▶ **HOW TO COMPLETE THIS TASK**
Repeat exactly the lines of the entries below from the one with "Indian Floral Textile" through the one with "1 Cola Madeira", both ends included, and nothing else.

[Data items]
------------------------------------------------------------
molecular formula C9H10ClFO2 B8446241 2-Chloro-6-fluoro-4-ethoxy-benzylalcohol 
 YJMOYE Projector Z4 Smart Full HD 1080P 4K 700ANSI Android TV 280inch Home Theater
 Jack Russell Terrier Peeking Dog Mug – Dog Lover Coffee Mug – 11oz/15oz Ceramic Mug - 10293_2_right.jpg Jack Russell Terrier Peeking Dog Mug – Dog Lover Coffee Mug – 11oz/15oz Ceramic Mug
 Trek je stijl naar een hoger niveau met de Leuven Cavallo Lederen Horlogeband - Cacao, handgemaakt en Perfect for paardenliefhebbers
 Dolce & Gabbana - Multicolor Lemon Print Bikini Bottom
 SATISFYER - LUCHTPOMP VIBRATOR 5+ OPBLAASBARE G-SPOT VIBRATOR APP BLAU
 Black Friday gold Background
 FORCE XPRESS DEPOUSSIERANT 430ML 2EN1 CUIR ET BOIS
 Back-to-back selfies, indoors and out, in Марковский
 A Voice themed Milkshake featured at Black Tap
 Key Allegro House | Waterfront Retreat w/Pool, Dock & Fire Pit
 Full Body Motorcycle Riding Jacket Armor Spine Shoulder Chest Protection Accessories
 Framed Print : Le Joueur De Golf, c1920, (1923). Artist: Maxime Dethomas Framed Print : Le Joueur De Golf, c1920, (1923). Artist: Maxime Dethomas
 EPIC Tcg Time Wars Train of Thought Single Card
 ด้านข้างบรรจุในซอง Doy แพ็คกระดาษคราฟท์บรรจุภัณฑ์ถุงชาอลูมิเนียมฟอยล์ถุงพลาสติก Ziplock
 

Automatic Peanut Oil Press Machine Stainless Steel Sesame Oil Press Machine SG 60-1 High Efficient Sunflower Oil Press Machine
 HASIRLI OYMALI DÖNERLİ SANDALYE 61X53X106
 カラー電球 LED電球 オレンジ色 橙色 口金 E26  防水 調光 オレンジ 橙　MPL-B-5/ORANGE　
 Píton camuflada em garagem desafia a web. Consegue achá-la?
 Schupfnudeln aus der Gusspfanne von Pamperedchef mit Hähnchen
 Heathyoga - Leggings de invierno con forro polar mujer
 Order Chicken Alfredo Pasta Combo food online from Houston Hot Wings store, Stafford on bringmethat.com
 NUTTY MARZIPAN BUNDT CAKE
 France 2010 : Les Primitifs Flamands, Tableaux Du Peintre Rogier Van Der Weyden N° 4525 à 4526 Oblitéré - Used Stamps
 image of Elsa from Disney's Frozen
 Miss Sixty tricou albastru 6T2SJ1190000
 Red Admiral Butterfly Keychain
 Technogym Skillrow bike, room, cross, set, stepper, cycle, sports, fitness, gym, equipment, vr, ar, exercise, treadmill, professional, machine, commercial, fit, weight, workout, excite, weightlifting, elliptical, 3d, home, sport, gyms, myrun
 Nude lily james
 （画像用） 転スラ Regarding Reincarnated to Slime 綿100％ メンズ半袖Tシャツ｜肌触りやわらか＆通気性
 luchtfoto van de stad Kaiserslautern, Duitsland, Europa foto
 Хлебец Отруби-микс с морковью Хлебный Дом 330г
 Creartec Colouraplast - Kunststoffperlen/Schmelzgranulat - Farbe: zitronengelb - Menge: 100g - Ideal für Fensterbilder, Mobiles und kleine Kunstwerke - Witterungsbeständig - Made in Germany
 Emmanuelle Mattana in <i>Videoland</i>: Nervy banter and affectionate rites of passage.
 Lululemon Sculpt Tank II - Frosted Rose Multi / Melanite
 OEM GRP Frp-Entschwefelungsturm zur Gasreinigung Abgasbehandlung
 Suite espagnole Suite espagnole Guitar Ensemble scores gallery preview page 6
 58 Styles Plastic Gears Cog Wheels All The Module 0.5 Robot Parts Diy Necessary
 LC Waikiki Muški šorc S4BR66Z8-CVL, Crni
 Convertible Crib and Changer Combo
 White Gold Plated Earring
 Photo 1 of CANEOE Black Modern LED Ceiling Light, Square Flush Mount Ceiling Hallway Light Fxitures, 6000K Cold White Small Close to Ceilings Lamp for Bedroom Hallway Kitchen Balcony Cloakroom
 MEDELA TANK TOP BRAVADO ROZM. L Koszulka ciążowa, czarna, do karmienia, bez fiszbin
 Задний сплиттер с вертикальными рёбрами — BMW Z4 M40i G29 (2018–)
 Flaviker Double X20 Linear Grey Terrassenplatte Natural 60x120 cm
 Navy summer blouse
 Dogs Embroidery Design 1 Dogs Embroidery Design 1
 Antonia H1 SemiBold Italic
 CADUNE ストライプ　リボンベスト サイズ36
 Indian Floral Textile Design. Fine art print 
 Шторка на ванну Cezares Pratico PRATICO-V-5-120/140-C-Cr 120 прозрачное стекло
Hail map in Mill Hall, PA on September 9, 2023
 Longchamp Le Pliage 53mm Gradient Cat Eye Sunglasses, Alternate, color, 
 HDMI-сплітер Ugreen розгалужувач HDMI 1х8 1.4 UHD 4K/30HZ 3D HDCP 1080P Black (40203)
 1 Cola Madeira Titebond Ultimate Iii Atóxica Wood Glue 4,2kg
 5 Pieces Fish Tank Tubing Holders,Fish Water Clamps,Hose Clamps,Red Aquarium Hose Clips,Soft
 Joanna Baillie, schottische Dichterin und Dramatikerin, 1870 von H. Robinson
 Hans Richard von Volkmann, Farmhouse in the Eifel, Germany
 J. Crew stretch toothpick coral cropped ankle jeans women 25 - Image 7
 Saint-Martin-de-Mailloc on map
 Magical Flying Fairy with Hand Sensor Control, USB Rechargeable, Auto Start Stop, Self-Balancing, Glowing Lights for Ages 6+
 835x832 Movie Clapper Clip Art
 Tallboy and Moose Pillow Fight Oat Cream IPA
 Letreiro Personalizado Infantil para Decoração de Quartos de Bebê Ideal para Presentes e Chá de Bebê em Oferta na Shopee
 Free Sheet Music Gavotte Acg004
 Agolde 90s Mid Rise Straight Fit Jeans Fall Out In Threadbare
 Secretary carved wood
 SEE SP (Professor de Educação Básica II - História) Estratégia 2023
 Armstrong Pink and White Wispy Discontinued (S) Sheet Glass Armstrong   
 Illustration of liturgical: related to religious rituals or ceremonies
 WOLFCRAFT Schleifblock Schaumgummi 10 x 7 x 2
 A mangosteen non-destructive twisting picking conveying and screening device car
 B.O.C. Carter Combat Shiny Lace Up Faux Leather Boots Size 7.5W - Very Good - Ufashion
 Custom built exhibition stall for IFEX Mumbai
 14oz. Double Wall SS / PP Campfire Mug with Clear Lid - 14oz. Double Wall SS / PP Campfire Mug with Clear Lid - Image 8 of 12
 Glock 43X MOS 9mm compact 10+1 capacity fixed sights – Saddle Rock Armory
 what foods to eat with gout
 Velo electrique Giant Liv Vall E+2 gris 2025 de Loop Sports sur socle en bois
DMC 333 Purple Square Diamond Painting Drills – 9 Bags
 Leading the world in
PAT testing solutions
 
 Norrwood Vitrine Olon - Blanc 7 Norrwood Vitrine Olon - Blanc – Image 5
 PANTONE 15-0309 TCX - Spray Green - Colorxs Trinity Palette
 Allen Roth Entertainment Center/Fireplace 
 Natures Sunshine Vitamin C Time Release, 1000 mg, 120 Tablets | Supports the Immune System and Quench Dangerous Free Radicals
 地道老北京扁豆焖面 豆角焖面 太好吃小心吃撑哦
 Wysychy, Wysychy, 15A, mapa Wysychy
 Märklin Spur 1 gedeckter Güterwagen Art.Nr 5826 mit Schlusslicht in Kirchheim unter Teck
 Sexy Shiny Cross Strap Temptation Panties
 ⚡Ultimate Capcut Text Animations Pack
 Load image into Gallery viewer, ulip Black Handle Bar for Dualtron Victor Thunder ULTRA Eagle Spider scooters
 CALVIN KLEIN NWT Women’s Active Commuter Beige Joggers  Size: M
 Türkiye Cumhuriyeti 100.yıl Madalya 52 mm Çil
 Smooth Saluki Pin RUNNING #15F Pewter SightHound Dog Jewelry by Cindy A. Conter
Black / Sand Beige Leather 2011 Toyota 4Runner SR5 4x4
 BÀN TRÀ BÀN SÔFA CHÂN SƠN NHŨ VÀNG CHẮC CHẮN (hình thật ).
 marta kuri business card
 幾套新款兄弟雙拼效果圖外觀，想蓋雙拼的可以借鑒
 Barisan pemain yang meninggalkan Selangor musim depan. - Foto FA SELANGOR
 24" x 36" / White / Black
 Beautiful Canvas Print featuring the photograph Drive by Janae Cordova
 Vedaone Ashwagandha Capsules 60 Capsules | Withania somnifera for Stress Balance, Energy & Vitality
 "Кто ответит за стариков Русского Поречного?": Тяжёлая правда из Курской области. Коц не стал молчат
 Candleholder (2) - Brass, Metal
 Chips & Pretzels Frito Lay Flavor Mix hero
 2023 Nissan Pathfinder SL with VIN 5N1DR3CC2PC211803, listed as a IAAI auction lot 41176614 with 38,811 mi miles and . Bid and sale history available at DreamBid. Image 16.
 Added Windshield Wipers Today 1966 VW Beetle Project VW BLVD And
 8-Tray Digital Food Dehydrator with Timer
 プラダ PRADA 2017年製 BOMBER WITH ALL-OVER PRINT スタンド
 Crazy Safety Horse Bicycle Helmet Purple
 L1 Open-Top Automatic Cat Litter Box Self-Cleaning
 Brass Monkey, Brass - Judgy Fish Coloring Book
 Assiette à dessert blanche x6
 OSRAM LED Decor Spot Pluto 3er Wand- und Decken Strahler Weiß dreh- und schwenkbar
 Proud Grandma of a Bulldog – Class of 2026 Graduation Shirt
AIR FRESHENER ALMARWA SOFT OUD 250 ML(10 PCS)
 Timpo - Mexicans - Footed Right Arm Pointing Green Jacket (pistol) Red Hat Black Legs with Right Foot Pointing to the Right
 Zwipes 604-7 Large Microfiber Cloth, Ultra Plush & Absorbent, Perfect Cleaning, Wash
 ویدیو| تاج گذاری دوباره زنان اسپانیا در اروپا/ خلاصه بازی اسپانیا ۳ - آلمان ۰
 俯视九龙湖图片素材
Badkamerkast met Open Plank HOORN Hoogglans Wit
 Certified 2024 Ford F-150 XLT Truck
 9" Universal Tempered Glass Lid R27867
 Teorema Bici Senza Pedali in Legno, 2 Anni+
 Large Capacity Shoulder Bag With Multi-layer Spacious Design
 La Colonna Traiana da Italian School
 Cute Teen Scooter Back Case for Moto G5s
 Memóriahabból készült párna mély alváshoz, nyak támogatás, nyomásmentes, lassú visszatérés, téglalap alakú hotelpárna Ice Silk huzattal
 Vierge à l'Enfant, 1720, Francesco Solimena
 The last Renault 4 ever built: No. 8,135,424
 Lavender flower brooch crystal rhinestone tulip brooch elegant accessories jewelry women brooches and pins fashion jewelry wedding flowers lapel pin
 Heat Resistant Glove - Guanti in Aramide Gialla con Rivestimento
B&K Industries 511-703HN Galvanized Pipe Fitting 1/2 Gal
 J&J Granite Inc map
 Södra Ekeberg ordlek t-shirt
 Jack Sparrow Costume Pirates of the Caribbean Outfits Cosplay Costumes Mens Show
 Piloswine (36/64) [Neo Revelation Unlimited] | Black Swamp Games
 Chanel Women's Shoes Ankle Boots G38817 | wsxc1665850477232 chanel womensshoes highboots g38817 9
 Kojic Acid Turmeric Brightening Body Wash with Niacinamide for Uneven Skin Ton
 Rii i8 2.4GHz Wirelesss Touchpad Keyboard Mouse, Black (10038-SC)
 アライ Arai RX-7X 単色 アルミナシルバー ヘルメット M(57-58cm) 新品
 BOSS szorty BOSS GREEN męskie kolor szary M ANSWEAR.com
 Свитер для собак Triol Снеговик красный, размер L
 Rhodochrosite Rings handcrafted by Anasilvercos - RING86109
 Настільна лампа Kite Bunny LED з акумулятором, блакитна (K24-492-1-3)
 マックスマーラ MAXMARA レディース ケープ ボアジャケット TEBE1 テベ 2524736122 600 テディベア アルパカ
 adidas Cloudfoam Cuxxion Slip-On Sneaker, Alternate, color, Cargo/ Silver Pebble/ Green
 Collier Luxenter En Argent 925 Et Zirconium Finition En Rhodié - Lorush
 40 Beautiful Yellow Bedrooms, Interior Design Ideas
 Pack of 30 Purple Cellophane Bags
------------------------------------------------------------
▶ **RESULT OF THE TASK**
 Indian Floral Textile Design. Fine art print 
 Шторка на ванну Cezares Pratico PRATICO-V-5-120/140-C-Cr 120 прозрачное стекло
Hail map in Mill Hall, PA on September 9, 2023
 Longchamp Le Pliage 53mm Gradient Cat Eye Sunglasses, Alternate, color, 
 HDMI-сплітер Ugreen розгалужувач HDMI 1х8 1.4 UHD 4K/30HZ 3D HDCP 1080P Black (40203)
 1 Cola Madeira Titebond Ultimate Iii Atóxica Wood Glue 4,2kg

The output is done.